| INNOMBRABLE, adj. A. − [Le subst. déterminé désigne une grandeur nombrable, mesurable, évaluable; les éléments sont distincts] Qu'on ne peut compter ou qu'on renonce à compter; dont les éléments sont trop nombreux pour être comptés. Synon. très nombreux. 1. [Le subst. déterminé désigne un collectif] Innombrable essaim; peuple, foule innombrable. Les armées innombrables des anges viennent d'apparaître dans le ciel (Psichari, Voy. centur.,1914, p. 154): 1. Gundermann occupait là un immense hôtel, tout juste assez grand pour son innombrable famille. Il avait cinq filles et quatre garçons, dont trois filles et trois garçons mariés, qui lui avaient déjà donné quatorze petits-enfants. Lorsque, au repas du soir, cette descendance se trouvait réunie, ils étaient, en les comptant sa femme et lui, trente et un à table.
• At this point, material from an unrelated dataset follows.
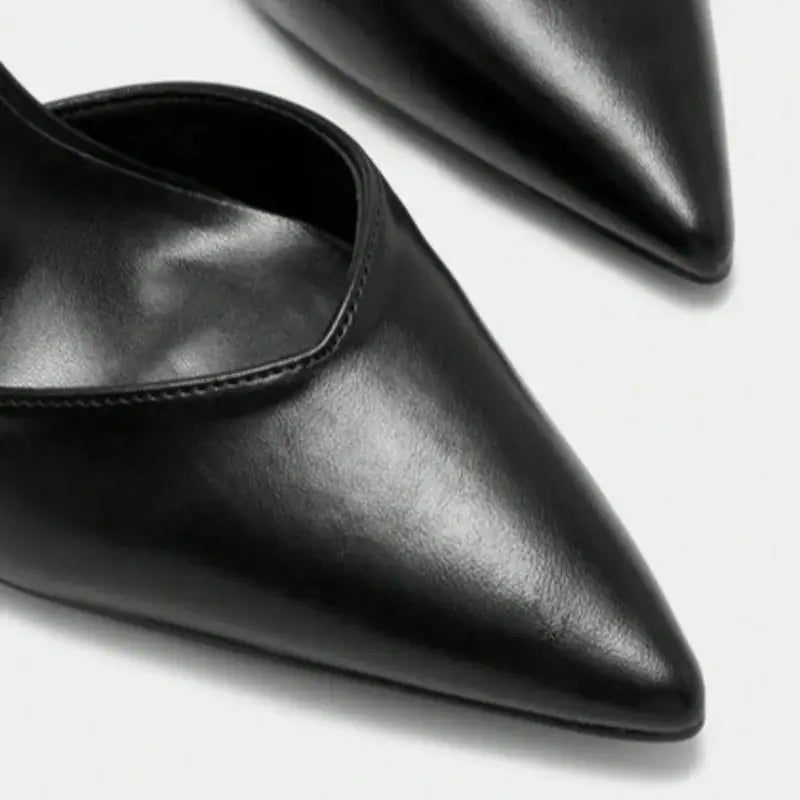 Scarpin preto com tira no tornozelo em close no bico, tiras ou fivela, com textura e metal em destaque, sobre fundo claro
Zola, Argent,1891, p. 94. 2. [Le subst. déterminé est au plur.] La Grande-Bretagne (...) a à peu près toutes les îles qu'avait l'Espagne, et qui, presque littéralement, étaient innombrables (Hugo, Rhin,1842, p. 451).La puissante odeur de milliards de tiges d'herbes descendait par les innombrables interstices et les incomptables fentes qui fissuraient les entre-solives (Malègue, Augustin, t. 1, 1933, p. 198): 2. ... la création est si ancienne, que nous pouvons la considérer comme éternelle dans le passé. Depuis l'époque de leur formation, les innombrables soleils de l'espace ont eu largement le temps de s'éteindre.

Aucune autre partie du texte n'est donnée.